Neil Hanlon and UNBC's geography department have come up with alternative for students having a hard time maintaining a heavy course load.

Neil Hanlon and UNBC's geography department have come up with alternative for students having a hard time maintaining a heavy course load.

Instead of a having four or five courses all at once during a 13-week semester, they will have it down to one at a time.

Block scheduling is on its way to the Cranbrook Hill campus.

Starting in January, third-year and fourth-year human geography students, postgraduates and community members who might not otherwise attend UNBC will have the chance to take entire courses in 2 1/2-week blocks as part of a pilot project. Each course will include an average of three hours per day of instruction, which allows students more time each day to research the topics before returning to class the following day.

Hanlon, a UNBC associate professor and chair of the geography department, is convinced that without the worry of having to balance their time on other other subjects, students stand a better chance of learning the course material.

"The biggest advantage is you would have the undivided attention of your students and they wouldn't have three or four other courses weighing on their minds," said Hanlon. "When you factor in four of five courses in a semester over a 13-week period, it's kind of difficult for them to remember what you were talking about the second or third week of class."

UNBC president George Iwama is a big supporter of the block scheduling concept and it was first discussed with UNBC faculty a year ago. Colorado State College pioneered the one-class-at-a-time approach and has offered courses taught that way since 1970, while in B.C., Quest University also offers it.

The undergraduate courses in the pilot project, with the instructors and dates of each course, include: Critical Perspectives on International Development (Catherine Nolin, Jan. 7-23); Health Geography (Hanlon, Jan. 28-Feb. 13); First Nations and Indigenous Geography (Sarah de Leeuw, Feb. 25-March 13); and Geographies of Culture, Rights and Power (Nolin, April 22-May 8).

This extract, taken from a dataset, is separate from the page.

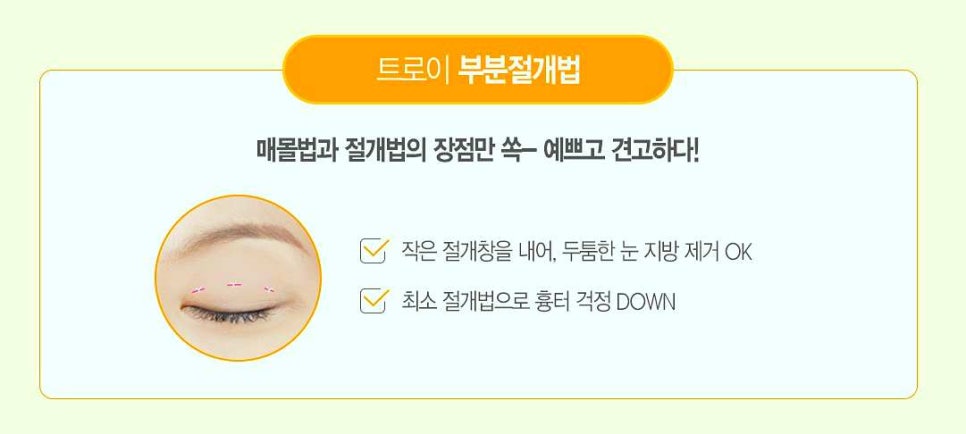 영등포쌍수 매몰vs절개 나에게 적합한 수술 방법은? 관련 이미지 2
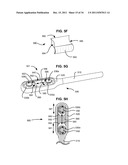 ADAPTIVE SPINAL ROD AND METHODS FOR STABILIZATION OF THE SPINE diagram and image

Three or four days at the end of each course will be designated as a catch-up days to make up classes in case an instructor or a student gets ill during the block period.

"We're building in contingency plans for illness because missing a day is like missing a week," said Hanlon. "We will use technology where we can. There's a conference Skype program that allows more than one user at a time that we will invest in, just in case a flu bug breaks out, that would allow them to participate from home."

Because of the condensed time periods of block courses, students will not be expected to complete term papers as each course finishes. Instead, a four-week period will be set aside as a block from mid-March to mid-April to allow students to focus entirely on their research papers or projects.

So far, nine undergraduate students have applied to the block program.

If the pilot project gains a solid footing and the concept is applied throughout the school year, Hanlon said that will give instructors more flexibility in their schedules to conduct spring and summer research or attend conferences during the fall and winter semesters, traditionally the busiest times for teaching.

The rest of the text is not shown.